**EXERCISE DETAILS**
Copy the data precisely, character for character, and leave out every picture.

**DATA BLOCK**
=-=-=
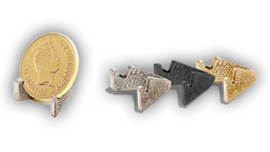 Metallic stands for custom coins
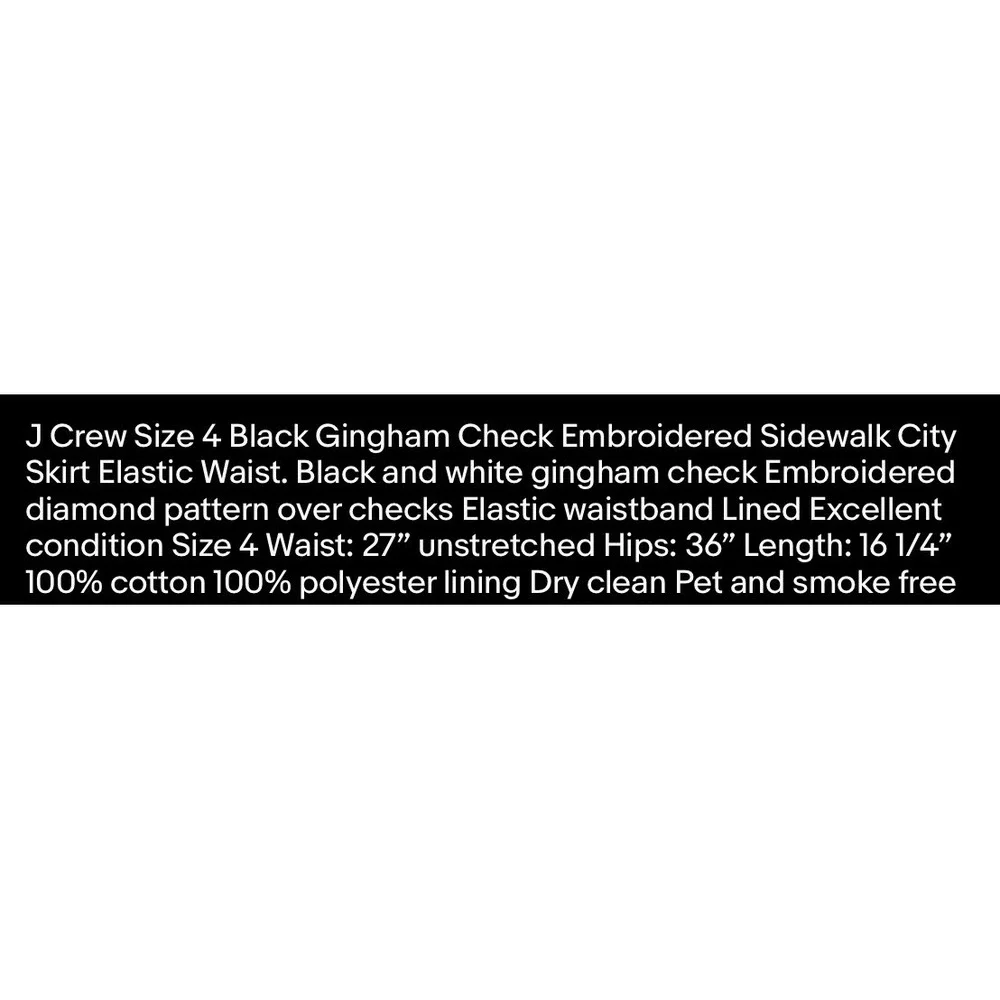 J.Crew Black White‎ Gingham Embroidered Sidewalk City Skirt Elastic Waist Size 4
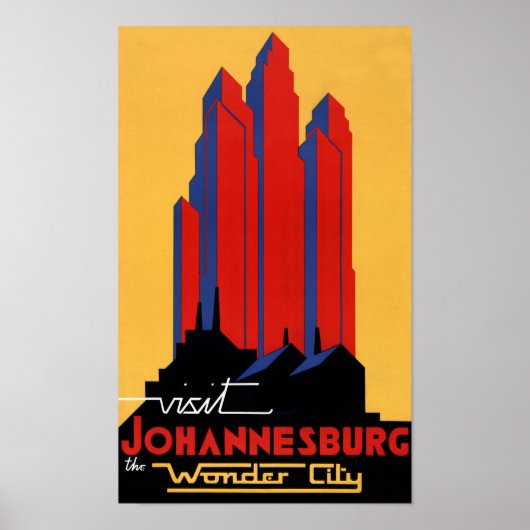 Johannesburg Vintage Travel Poster restauriert (Vorne)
=-=-=
**FINISHED TASK**
 Metallic stands for custom coins
 J.Crew Black White‎ Gingham Embroidered Sidewalk City Skirt Elastic Waist Size 4
 Johannesburg Vintage Travel Poster restauriert (Vorne)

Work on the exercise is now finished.